Don’t Dread Your Employee Review
Your heart races, your palms are sweaty. You have had countless conversations with your manager, but nothing is as panic-inducing as your annual performance review. But it is important to note you’re your manager can be just as anxious during this meeting as you are. But an effective employee review can be a great thing for you and your boss. So before you enter your next meeting, keep some of these tips in mind to make it go smoothly.
- Suggest a pre-meeting. Be proactive. When you know your review is on the horizon, ask your boss to sit down with you for a quick meeting to discuss the expectations and how you can both prepare better. This can calm your nerves and help your boss understand what you’re looking for in the conversation.

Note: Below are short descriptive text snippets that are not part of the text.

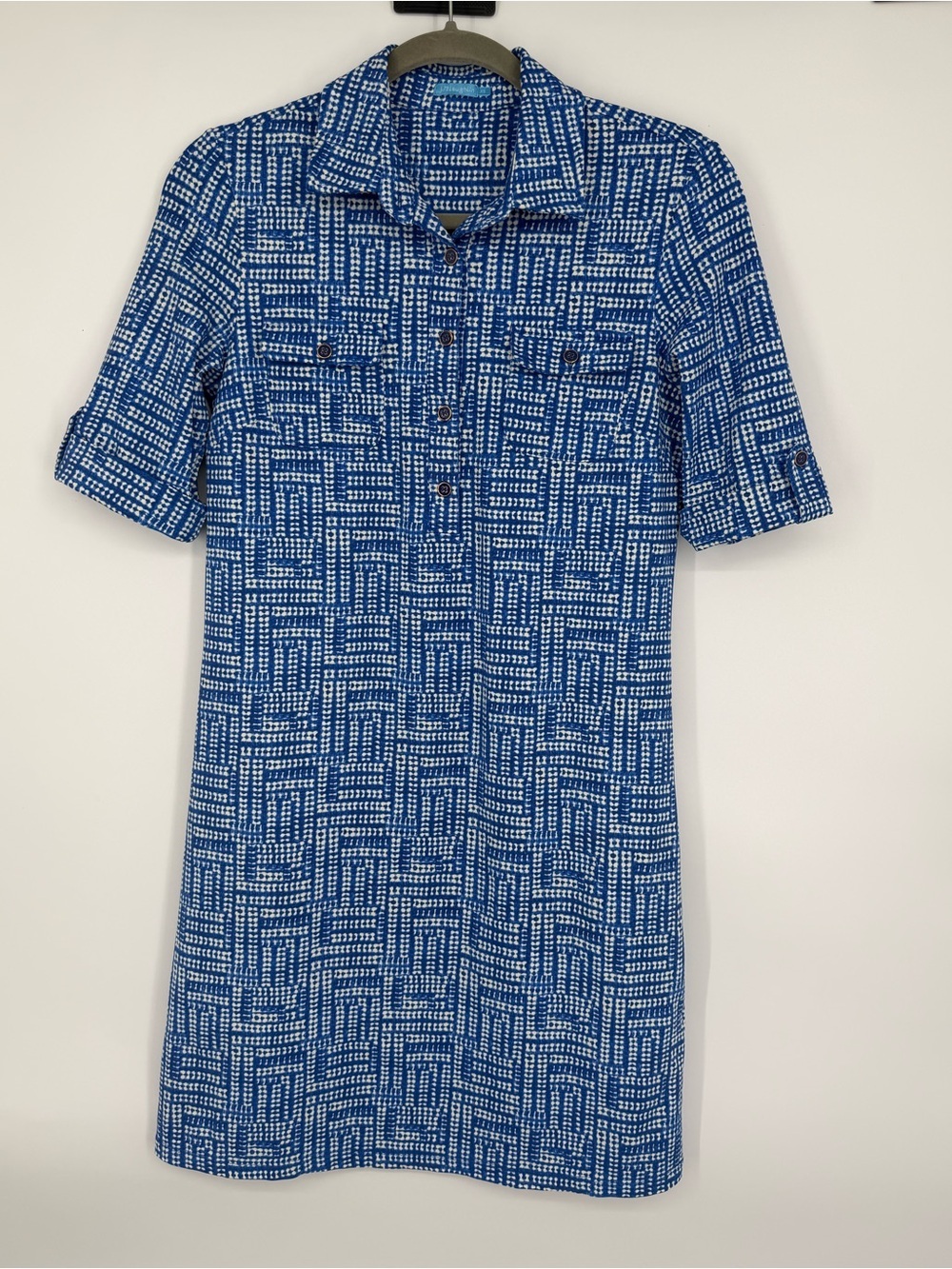J McLaughlin  Lawrence Dress Blue and White Geo Print Catalina Cloth Size XS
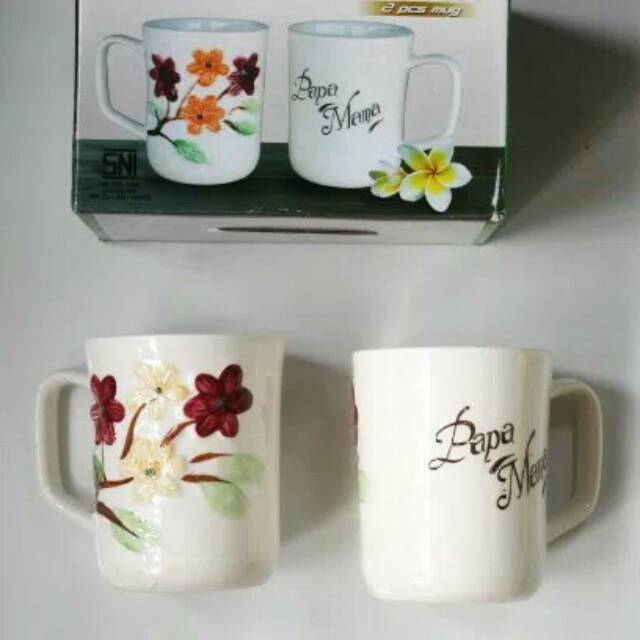 Mug papa mama / Gelas papa mama flower KL108 set 2 pcs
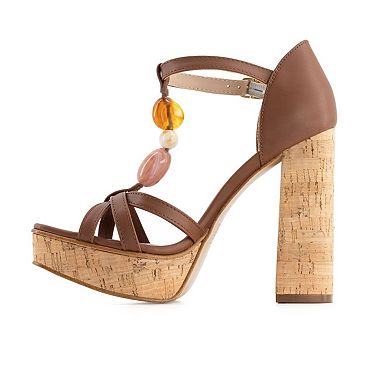 Andrea Women's High Heel Sandals With Ornamental Stones 65082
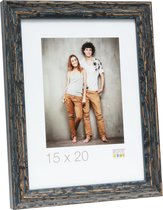 Deknudt Frames fotolijst S46MF2 - zwart verweerde look - foto 20x20 cm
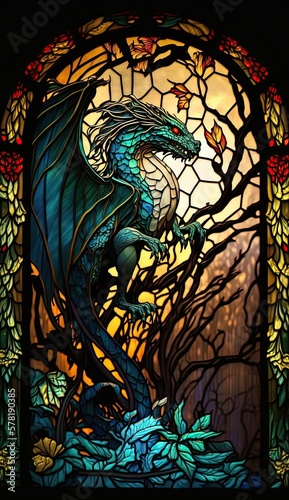 Artistic Beautiful Desginer Handcrafted Stained Glass Artwork of a Dragon Animal in Art Nouveau Style with Vibrant and Bright Colors, Illuminated from Behind (generative AI)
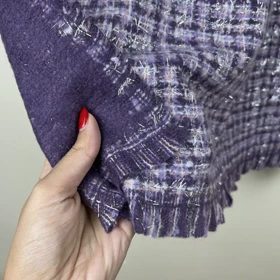 شال پاییزه موهر چهارخانه ریز لمه 20502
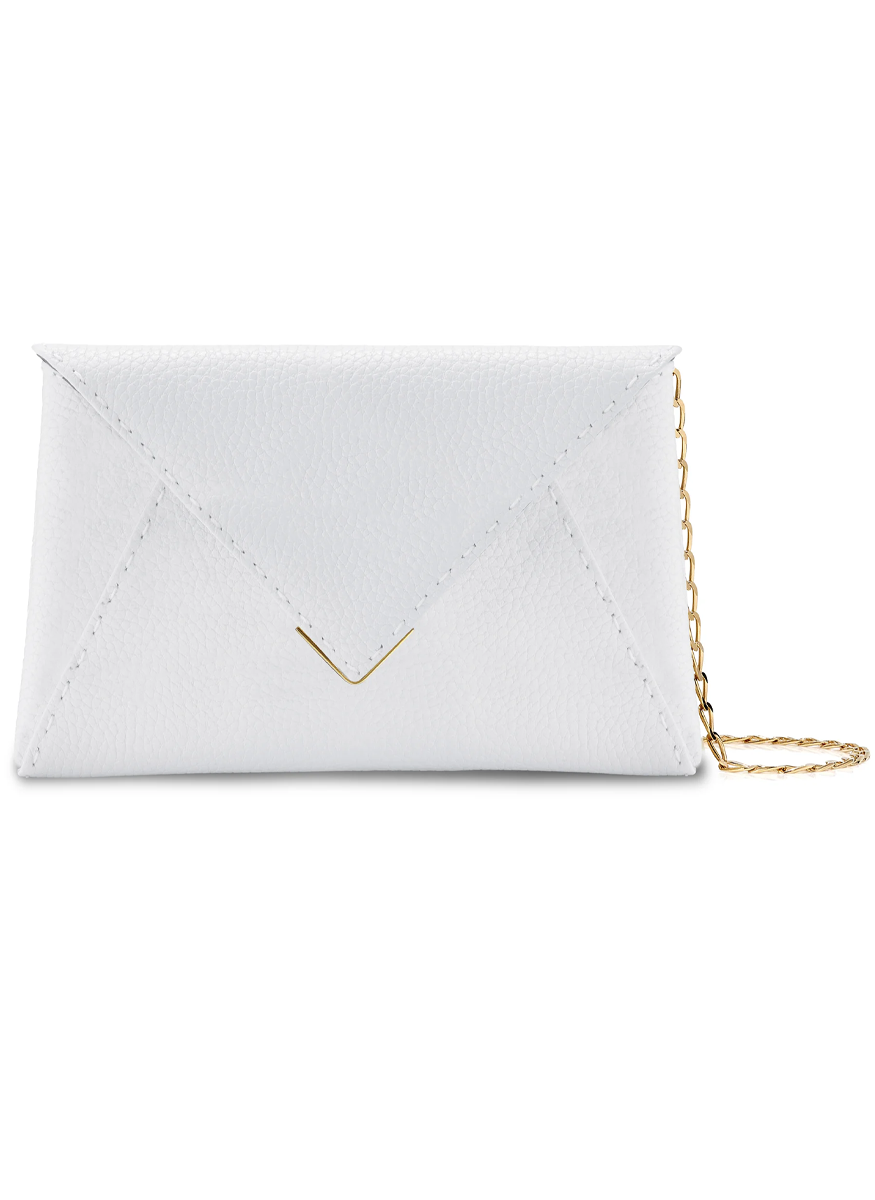 Lee Small Pebbled Leather Clutch in Marshmallow - Tyler Ellis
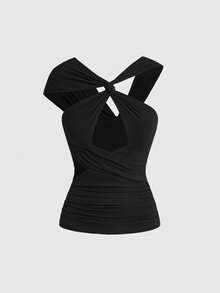 ROMWE Y2K Sexy Deconstructed Fitted Women Top - Black - View 1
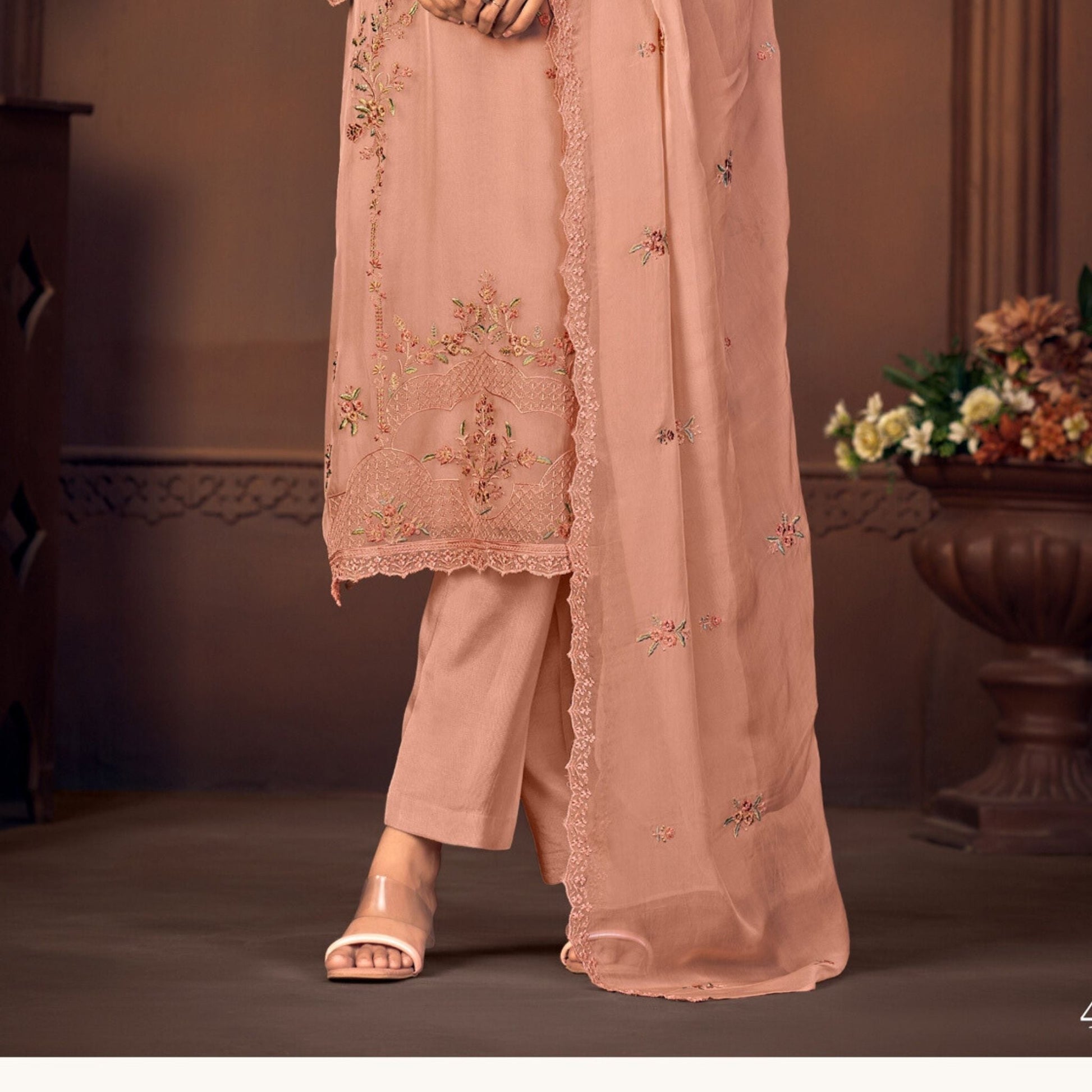 Unstitched Organza Suit in Dark Peach - SARIVEDA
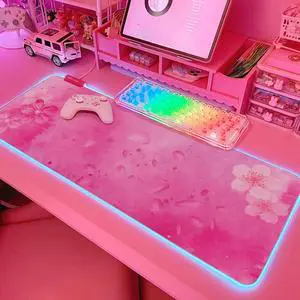 RGB Cherry Blossom Gaming Mouse Pad Pink 31.5x12 Inch PC XL Large Extended Glowing Led Light Up Desk Pad Non-Slip Rubber Base Computer Keyboard and Mouse Pad Cute Mousepad RGB Cherry Blossom Gaming Mouse Pad Pink 31.5x12 Inch PC XL Large Extended Glowing Led Light Up Desk Pad Non-Slip Rubber Base Computer Keyboard and Mouse Pad Cute Mousepad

- Do your homework. After your pre-meeting, spend some researching the things you know you’ll be talking about. For instance, if you want to ask for more money, review your accomplishments for the year and make a case for yourself. Spend time on this information and anything else that seems important to discuss so you don’t feel caught off guard.
- Participate in the conversation. Once you’re in your review, don’t allow your boss to dominate the conversation. Be willing to provide feedback about their points. Don’t be argumentative, but don’t be timid either. Let them know how they’ve performed as your boss as well by providing information that can help them be a better manager.
- Discuss the ongoing expectations. Before you leave the meeting, it is essential that you are both on the same page moving forward. Ask or reiterate any action items that you’ve discussed in the meeting. You want to show that you were listening, that you want to improve, and that you are a team player.
- Maintain open communication. Don’t rely on the annual review as the only avenue for getting or providing feedback. Check in with your manager from time to time to ensure that you’re meeting the expectations that you laid out in your meeting. If you have concerns or questions, don’t wait to talk about them or you might foster dissatisfaction when it isn’t necessary.